Ce juge idéal, non syndiqué, citoyen de seconde zone, ne doit même pas signer de pétition pour que la justice lutte contre la corruption. Mais les mêmes l’accuseront d’être enfermé dans une tour d’ivoire.

Cette conception de la neutralité du juge est très différente de la nécessaire impartialité qu’ont toujours défendue le SM et l’USM, et qu’affirme l’article 6-1 de la Convention européenne des droits de l’homme : s’il n’est pas interdit au juge d’avoir des opinions et de les manifester comme citoyen, il lui est défendu d’être au service de l’une des parties, ou d’avoir déjà eu à connaître de l’affaire en cours.

Les récusations de magistrats membres du SM qui pourraient intervenir après cette déplorable affaire du "mur des cons" ont donc peu de chances d’aboutir, car la Cour de cassation a toujours refusé de dessaisir un juge pour cause d’appartenance syndicale, estimant qu’un magistrat syndiqué n’était pas pour autant partial.

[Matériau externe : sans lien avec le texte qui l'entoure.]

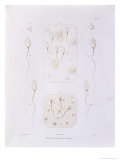 Buy Seminal Fluid, from "Theorie Positive de L'Ovulation Spontanee et de La Fecondation..." 1847 at AllPosters.com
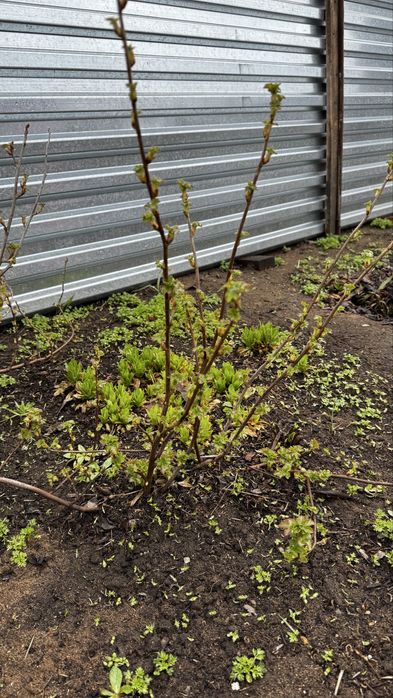 Черная смородина, сортовая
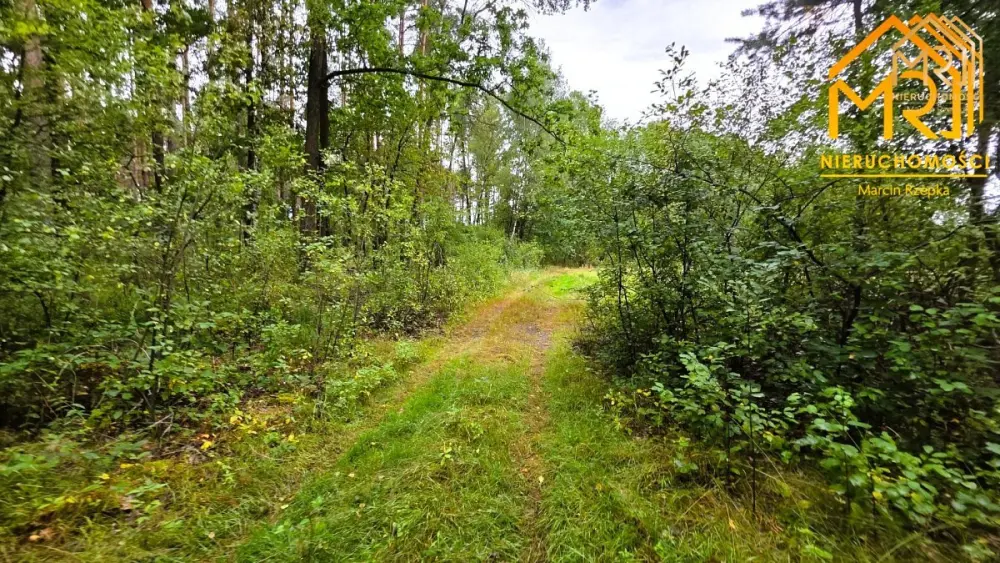 Duża działka leśna w gminie Osiek — zdjęcie 6, Działka na sprzedaż, Ossala, Tarnów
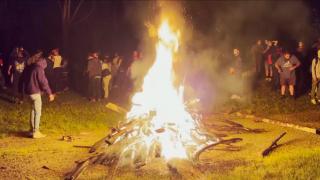 Petrecere uriaşă oprită în forţă de poliţişti, în Franţa. Un tânăr a rămas fără o mână, după ce a ridicat de pe jos o grenadă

Une amende civile peut même être prononcée en cas de demande abusive de récusation.

Pire encore que des procédures en suspicion légitime ou en récusation contre des magistrats du SM est la saisine du CSM pour avis par Christiane Taubira, garde des sceaux. Le CSM est compétent pour les questions relatives à la déontologie des magistrats ainsi que sur toute question relative au fonctionnement de la justice dont le saisit le ministre de la justice.

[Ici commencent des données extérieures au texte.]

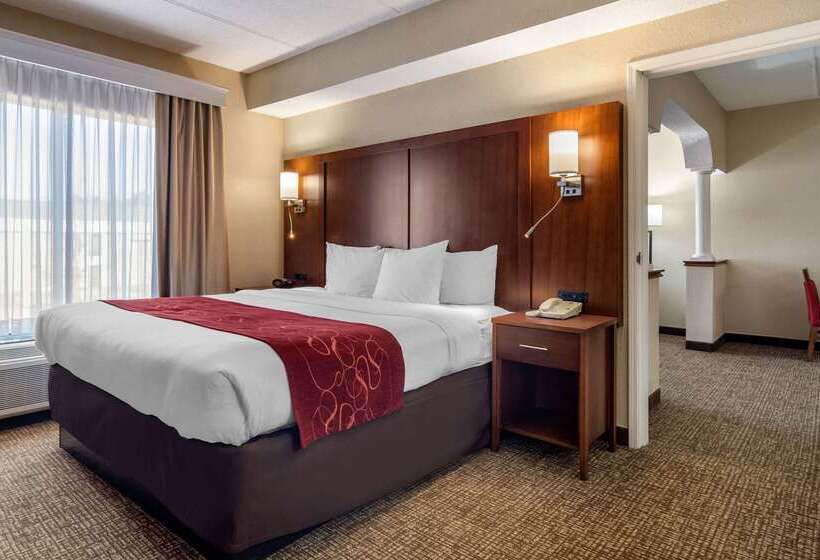 فندق Comfort Suites Woodstock   Atlanta North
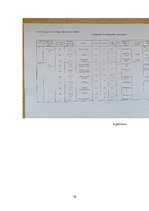 Prakses atskaite 'Augsnes zinātnes prakses atskaite', 30.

Le "mur des cons" ne concerne pas le fonctionnement de la justice, mais celui d’un syndicat ; il ne concerne pas la déontologie de magistrats, mais la liberté d’expression de syndicalistes, par ailleurs magistrats. Si le CSM se déclare compétent, c’est un précédent extrêmement grave pour le syndicalisme judiciaire ; car le pire serait que la liberté d’expression syndicale, que nous avions réussi à imposer, soit avalée toute crue par le devoir de réserve des magistrats. Quarante ans d’acquis du syndicalisme judiciaire seraient ainsi effacés.

En voulant faire du CSM le gendarme du fait syndical dans la magistrature, Christiane Taubira ressemble à son insu au personnage du film L’Exercice de l’Etat, Bertrand Saint-Jean, ministre aux convictions sincères, qui finit par céder à la raison d’Etat.